It’s challenging enough to evaluate all the employees who report to you once a year. Surely you don’t have to do it more often.
You might. There are at least two times when you’ll be doing yourself and your employer a favor by giving an employee an interim evaluation:
- If the person manifests a sharp drop in performance or worsening of conduct
- If you come in and take over a team or department, and discover you have a problem employee.
In both cases, the employee’s issues might not have been documented in their last annual review – because the problem has arisen since then, or because the previous boss didn’t have the heart or the smarts to give an honest assessment. So you want to get the employee’s issues down on paper ASAP. Two reasons: 1) You may able to turn the person around, and 2) If you can’t do that, you can at least prepare the ground for necessary discipline.

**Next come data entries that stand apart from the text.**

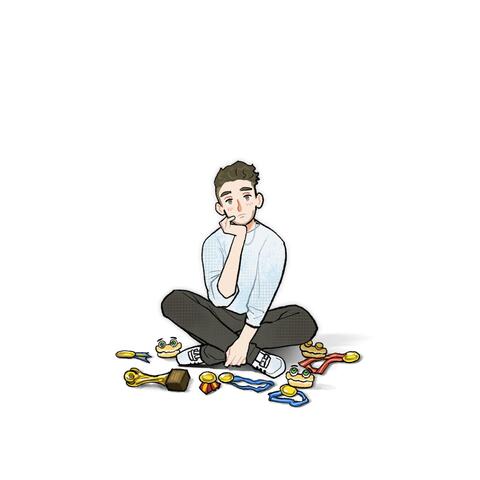 Give It Up album art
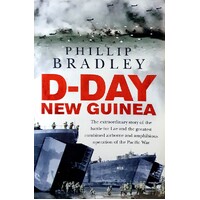 D-Day New Guinea
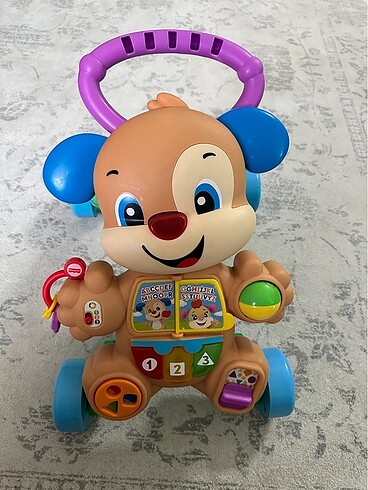 Fisher price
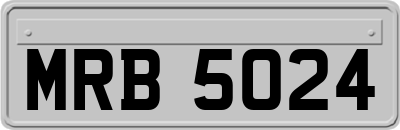 MRB5024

What should you say in an interim review? Tell the employee that:
- You’re doing an unscheduled review because his previous evaluations don’t accurately reflect his overall performance.
- You intend to rate him as “not meeting expectations” or similar. You know this going in because there’s a serious problem (which you’ll explain).
- You may review him again in, say, 90 days to see what progress has been made. And of course, you’ll want to devise a performance improvement plan for that period.
(P.S. Keep in mind that performance reviews don’t have to be tied to salary reviews. In fact, there’s a strong rationale for keeping them separate.)